- **Captioned web images**
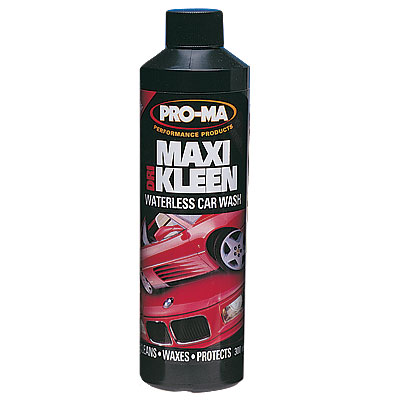 Pro-Ma Performance Waterless Car Wash
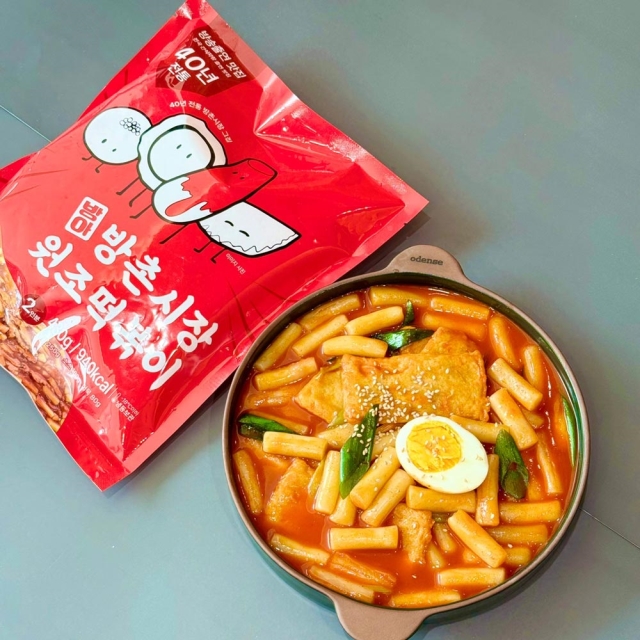 대구 방촌시장 원조 떡볶이 / 1팩 430g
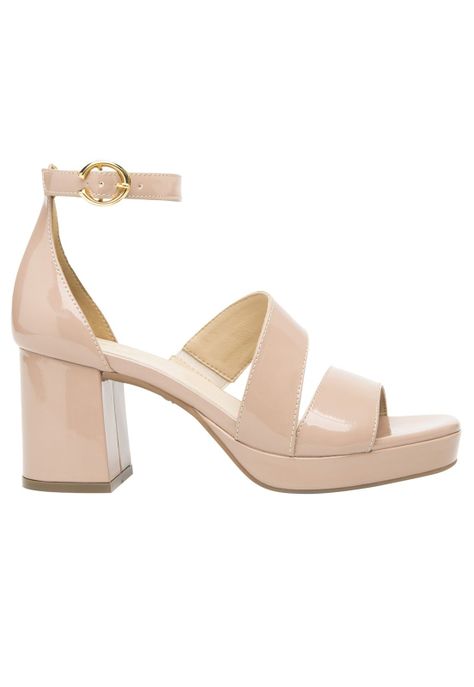 Sandalia Mujer  Kadeisha Beige Flexi-0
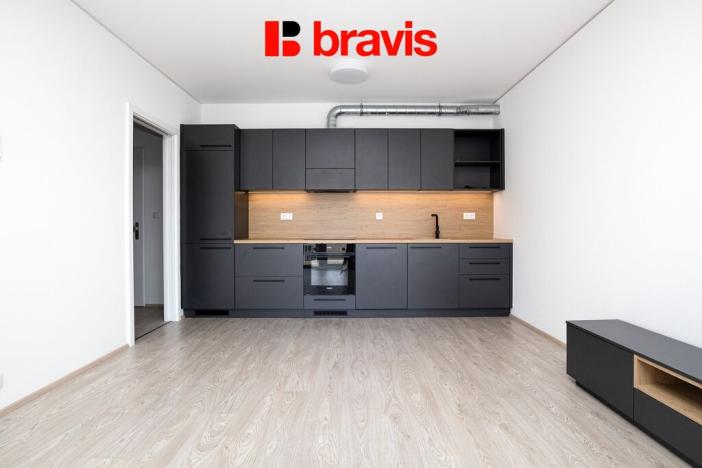 Pronájem bytu 2+kk, Brno - Trnitá, Trnitá, 40 m2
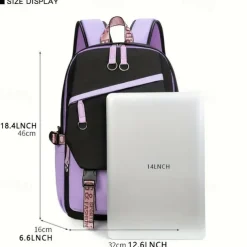 Backpack School Bag Bookbag Backpacks for Girls Large Capacity High School College Laptop Bag Back to School Gifts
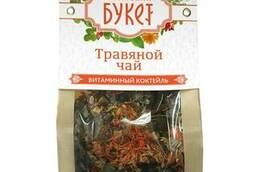 Herbal teas Altai bouquet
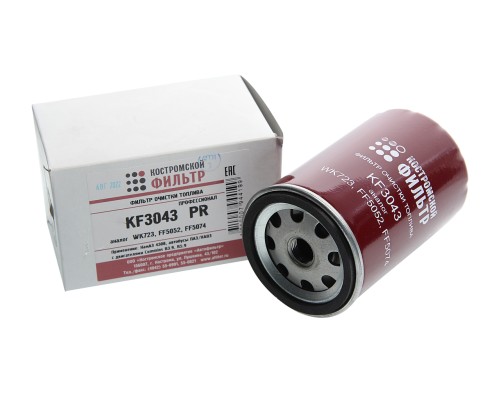 Фильтр топливный КАМАЗ, ПАЗ тонкой очистки (дв.CUMMINS EQB 140-20, 180-20, 210-20) КОСТРОМСКОЙ ФИЛЬТР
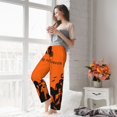 thumbnail image 6 of Halloween Pajama Pants Women, Halloween Orange Ghost Soft Lounge PJ Yoga Pants, Womens Sleepwear Pajama Bottom, 6 of 7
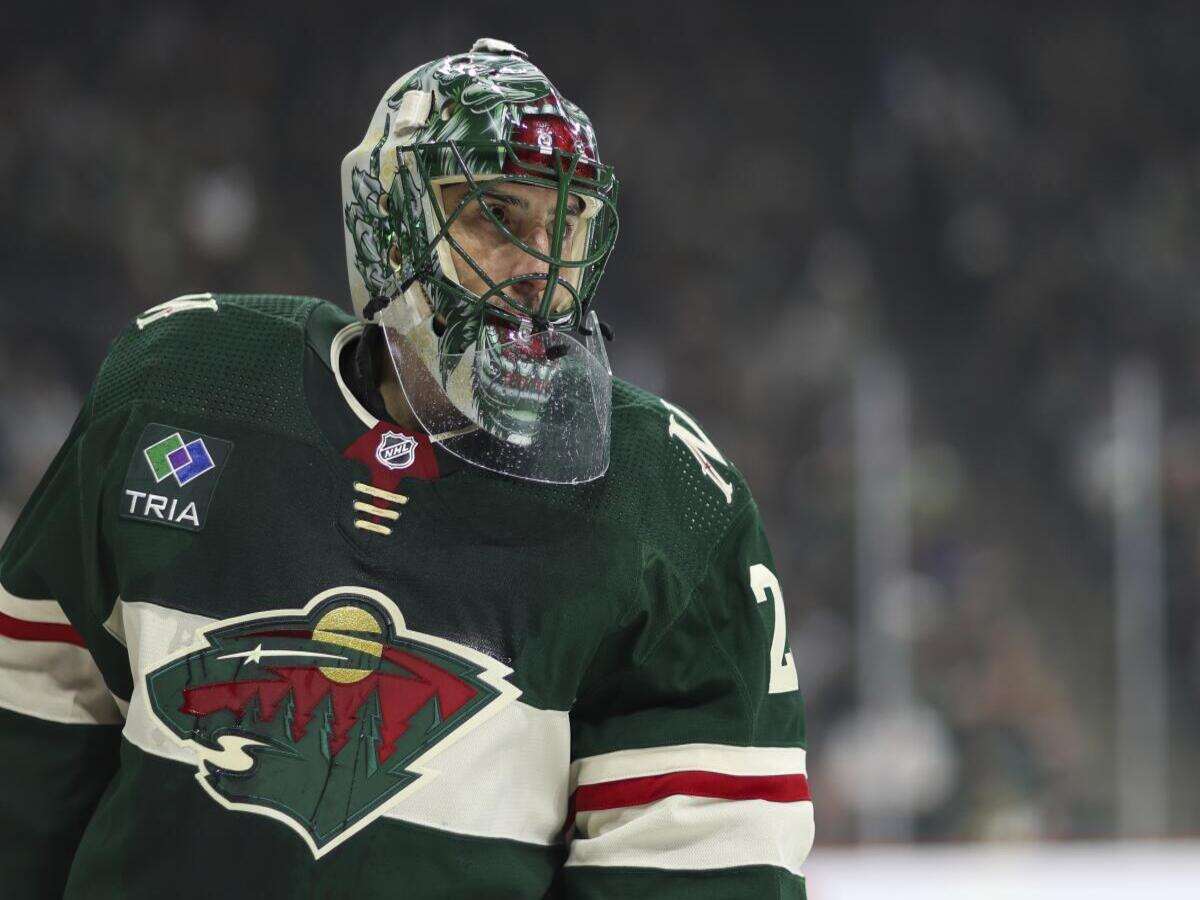 Is veteran goaltender Marc-Andre Fleury leaving Minnesota Wild?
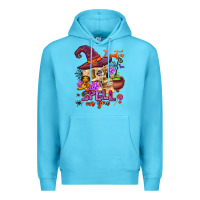Ocean Blue i put a spell on you Premium Hoodie - AdoDesignShop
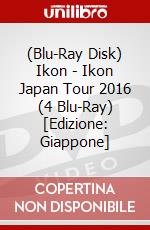 (Blu-Ray Disk) Ikon - Ikon Japan Tour 2016 (4 Blu-Ray) [Edizione: Giappone] brd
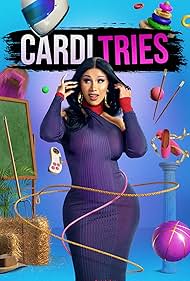 Cardi B in Cardi Tries (2020)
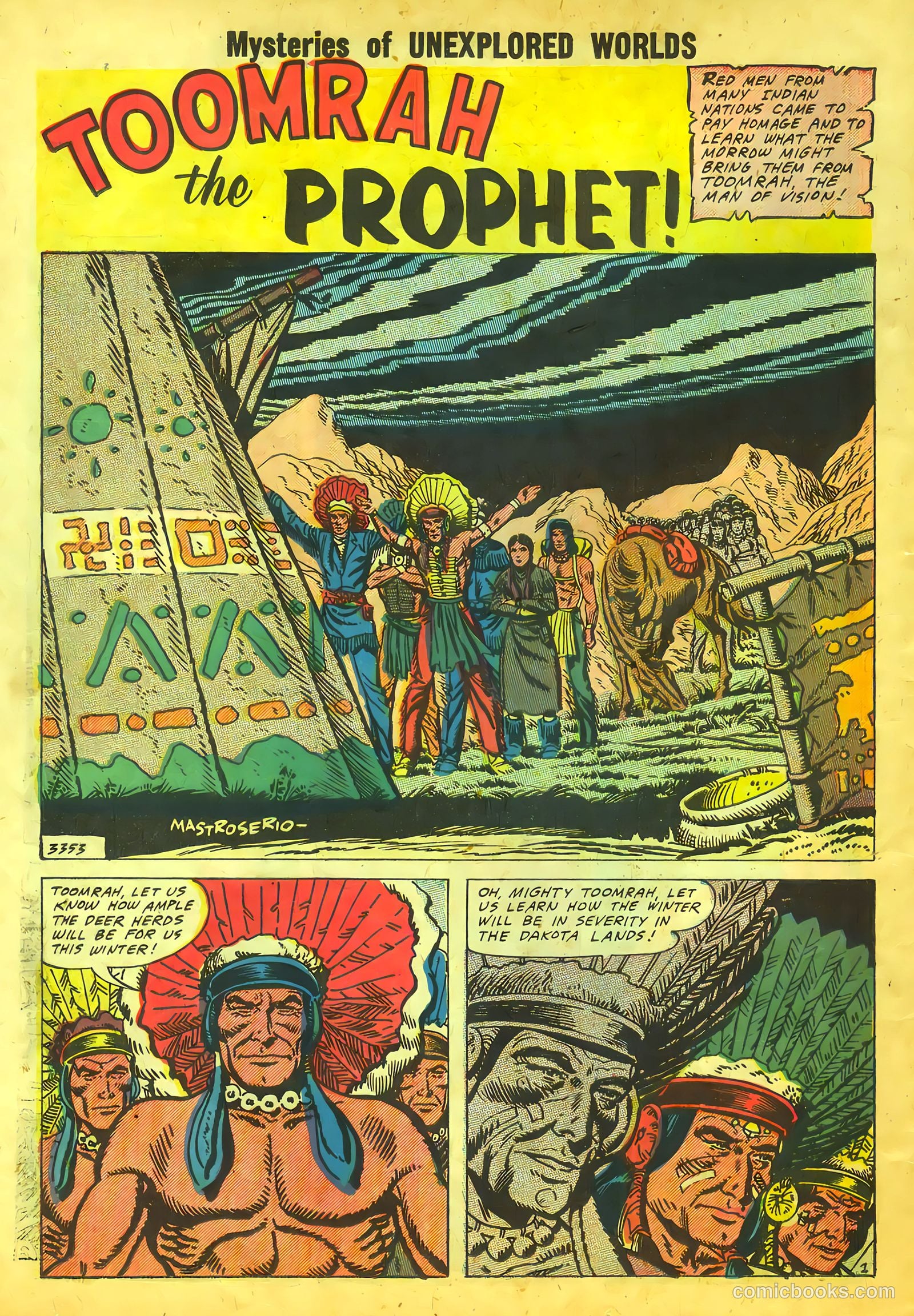 Mysteries of Unexplored Worlds #9 (1958) — page 26 of 36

- **Assignment**
Omit the pictures and write out the remaining data exactly.

- **Output below**
 Pro-Ma Performance Waterless Car Wash
 대구 방촌시장 원조 떡볶이 / 1팩 430g
 Sandalia Mujer  Kadeisha Beige Flexi-0
 Pronájem bytu 2+kk, Brno - Trnitá, Trnitá, 40 m2
 Backpack School Bag Bookbag Backpacks for Girls Large Capacity High School College Laptop Bag Back to School Gifts
 Herbal teas Altai bouquet
 Фильтр топливный КАМАЗ, ПАЗ тонкой очистки (дв.CUMMINS EQB 140-20, 180-20, 210-20) КОСТРОМСКОЙ ФИЛЬТР
 thumbnail image 6 of Halloween Pajama Pants Women, Halloween Orange Ghost Soft Lounge PJ Yoga Pants, Womens Sleepwear Pajama Bottom, 6 of 7
 Is veteran goaltender Marc-Andre Fleury leaving Minnesota Wild?
Ocean Blue i put a spell on you Premium Hoodie - AdoDesignShop
 (Blu-Ray Disk) Ikon - Ikon Japan Tour 2016 (4 Blu-Ray) [Edizione: Giappone] brd
 Cardi B in Cardi Tries (2020)
 Mysteries of Unexplored Worlds #9 (1958) — page 26 of 36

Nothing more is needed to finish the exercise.